Although Western analysts would love to talk about a duel between Islamists and Secularists in Arab countries, their rivalry and their ability, or inability, to co-exist, I am going to disappoint them and put it to them that the Tunisian model shows that in fact there is not much difference between the two political and ideological groups when it comes to adhering to the basics of social justice. Both are not particularly keen on it. And that is a major reason why they are currently able to pursue a partnership in government and in Parliament, to the extent that the leader of the Nahda parliamentary group is referred to in jest as the ‘leader of the two blocs’; meaning the Nida (secularists) and Nahda (Islamists) parliamentary groups. This means therefore that the main dividing lines in Tunisia today are not Islamists verses secularists, but social justice versus the preservation of the status quo. This is a very difficult but vital and necessary battle. I have made this my mission and that of the political movement that I set up on 3 March 2011, Tayyar al-Mahabba, formerly known as al-Aridha Al-Shaabiyya which won 28 seats in the 2011 Constitutional Assembly elections.
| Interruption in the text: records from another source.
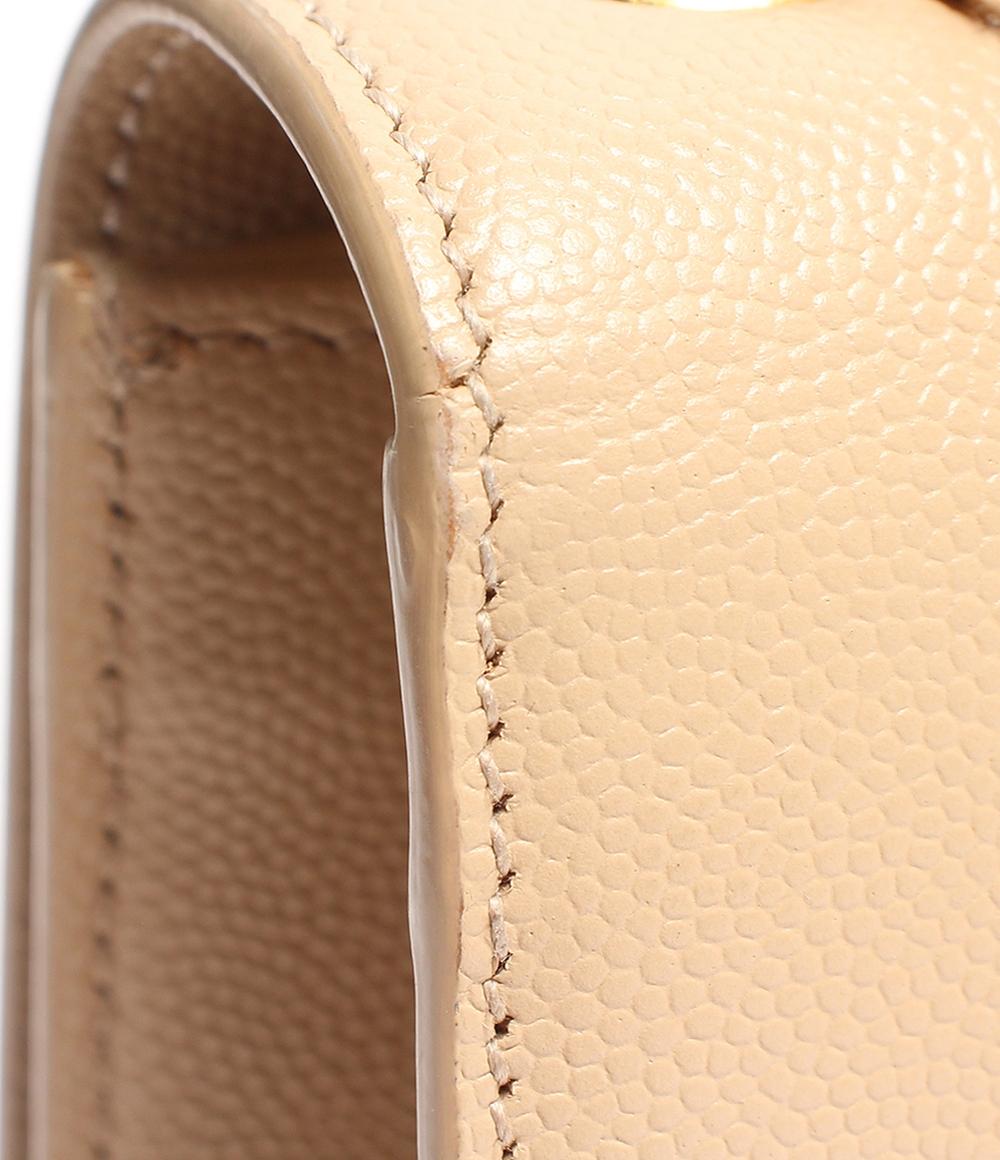 サンローラン ショルダーバッグ チェーン レザー YSLロゴ ゴールド金具 ケイト ミディアム グレイン ド プードルレザー レディース SAINT LAURENT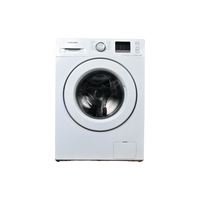 Lave-Linge Hublot 8 kg Reconditionné SAMSUNG WF80F5E0W4W : vue de face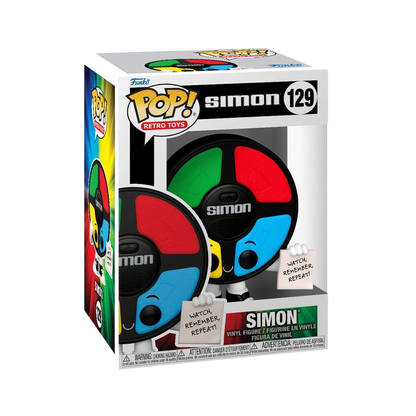 Simon Memory Game Funko Pop! Vinyl Figure #129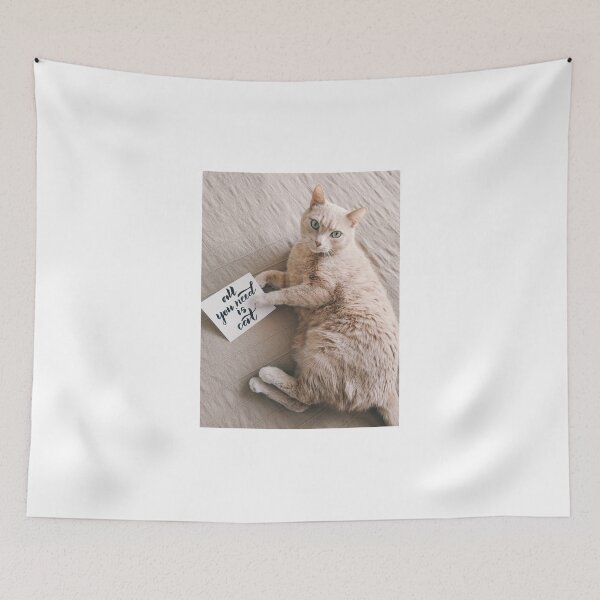 Item preview, Everything you need is a cat designed and sold by PET-SHIRTS.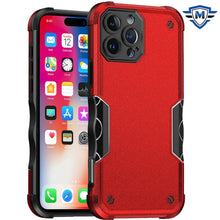 For iPhone 16 Pro 6.3in Case Ergonomic Grip Design Shockproof + Tempered Glass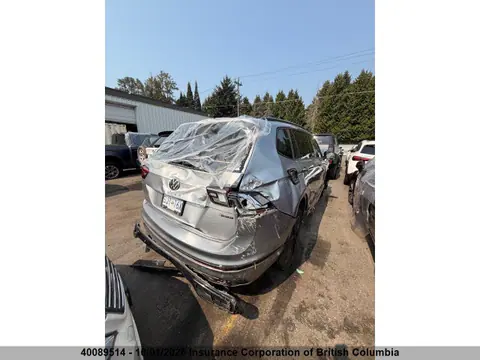 2022 Volkswagen Tiguan Se R-line Black VIN 3VV8B7AX9NM138451 фото 4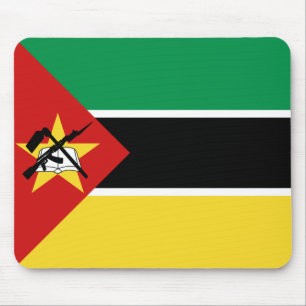 Alfombrilla De Ratón Mousepad de Bandera de Mozambique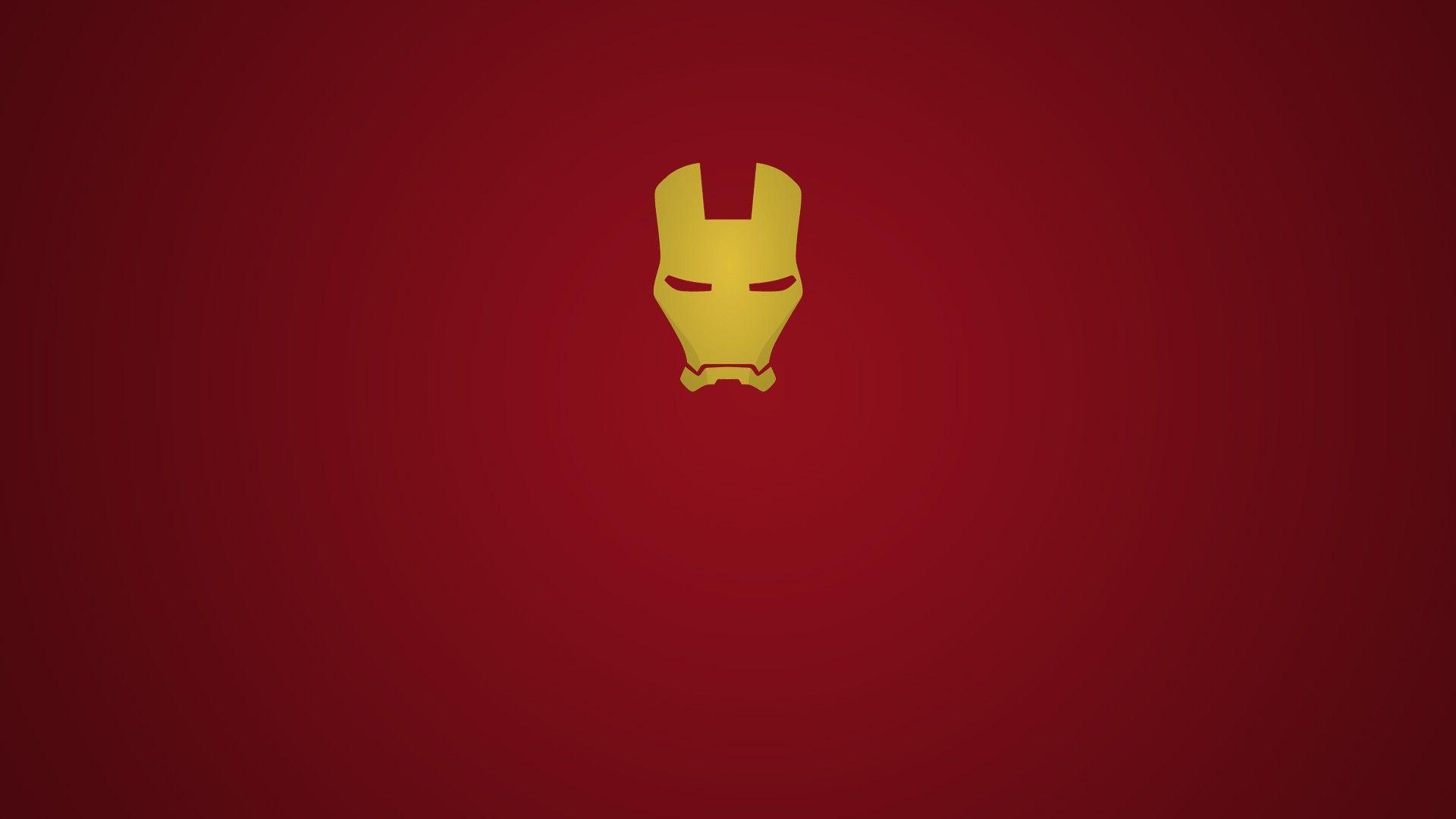 Iron Man Simple 2, HD Artist, 4k Wallpaper, Image, Background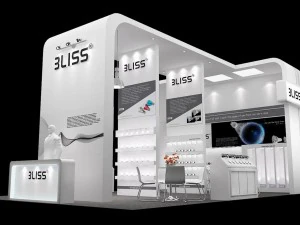 exhibition area 6x93dmax200917874 3D Model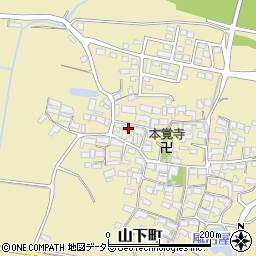 三重県亀山市山下町90周辺の地図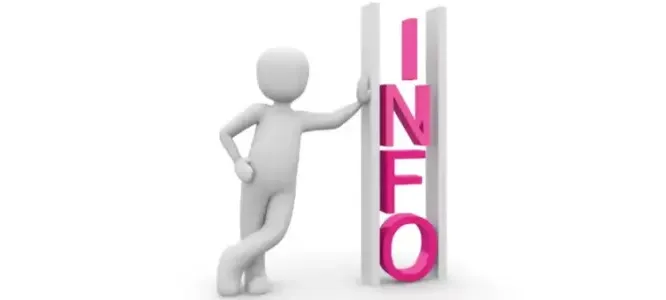 Információ index kép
Am I optimistic? It is really difficult to say yes. Theoretically, the poor and unemployed can bring a majority government that will implement these reforms. But those people, it seems, have lost faith in the ballot box and in the political system in general. Most of them will simply not vote. If you talk to them, most of them will say that they have lost confidence in all politicians. This is a vicious circle, because how will we be able to solve the current problems if we do not use elections as a means to change?
The other worrying factor is that its seems a sizable number of poor voters are willing to sell their votes for as little as 10 dinars on the day of the vote or the week before it. How can you change a society, if voters are willing to sell their votes and betray the essence of democracy and the sacrifices of generations of noble and courageous people so cheaply?
I fear that many more difficulties await Tunisia. I feel that those benefiting from the status quo are so powerful and embedded in the system, and they are unfortunately capable of defeating those fighting for social equality. We have a history of painful deceptions and setbacks. Indeed some of our best names in politics and poetry had miserable experiences and lives in Tunisia. One has only to look to some of the poems of Abu al-Qasim al-Shabi, the legendary contemporary Tunisian poet, who lived in the first quarter of the 20th Century, to know how difficult it is to defend freedom, justice, dignity and the poor classes in Tunisia. His famous poem, ‘The Beautiful Tunisia’ says it all. You can find it on google, so I can spare you the painful and pessimistic imagery.
I wish I could have concluded on a brighter and more hopeful note. But I am simply unable to. Tunisia is in a severe crisis and there is no hiding from it. Salvation is possible but the road to it is difficult and full of obstacles. Can we unseat the established interests and bring about social justice? This is my mission. This is the challenge of my generation. If we don’t win, Tunisia is doomed.